El kirchnerismo no puede evitar que su derrotero político e ideológico esté atravesado por esa concepción foquista, según la cual la gente se equivoca, y esta “equivocación” no debe ser un obstáculo para que una conducción firme -un “foco” político e ideológico- conduzca los destinos del país, hasta que de alguna manera la mayoría tome conciencia, se “des-enajene”, y apoye lo actuado por la conducción.

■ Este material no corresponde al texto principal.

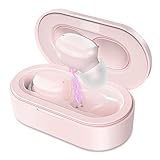 ewa ♬【Mono-Typ Wireless Design】Verwendet ein Split-Typ-Wireless-Design und verbindet das linke und das rechte Ohr für drahtlosen Stereoklang.Seien Sie nicht eingeschränkt, ein oder beide Kopfhörer können verwendet werden und sie sind austauschbar, um unterschiedliche Anforderungen zu erfüllen.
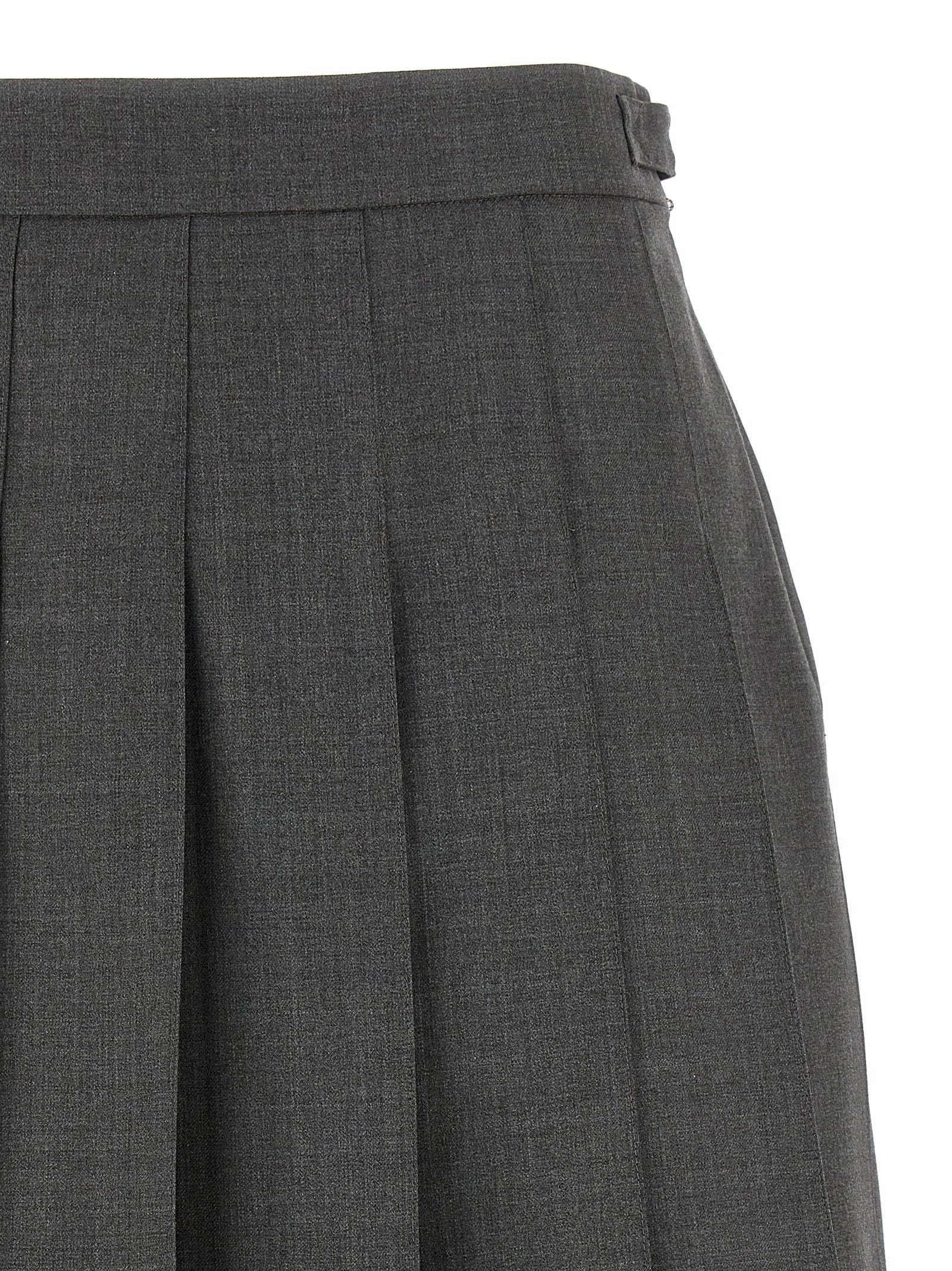 Falda larga Thom Browne de lana gris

El foquismo kirchnerista que acaba de ser circunstancialmente –y sólo circunstancialmente- derrotado en la Cámara de Diputados, viene de una derrota electoral notable el 28 de junio. Sin embargo, no actúa el Gobierno Nacional con la conciencia de ser minoritario. Actúa con la convicción de que la retención de las palancas del poder, alcanza y sobra para seguir dirigiendo a la República como si estuviera siendo apoyado por la mayoría.
Tengo para mí que acá está la clave, el episodio estratégico central en torno de la cual tenemos que polemizar y organizar una nueva manera de vivir en la Argentina desde 2010.
El Gobierno tiene plena legalidad para seguir ejerciendo el cargo para el que recibió un mandato y, desde luego, tiene la legitimidad que le da la elección presidencial de 2007. Pero no puede presumir que la legitimidad de 2007 es irrevocable y eterna, en tanto y en cuanto persista el matrimonio presidencial en la convicción de que puede gobernar en contra de las decisiones, la voluntad o la resistencia de la abrumadora mayoría de la ciudadanía.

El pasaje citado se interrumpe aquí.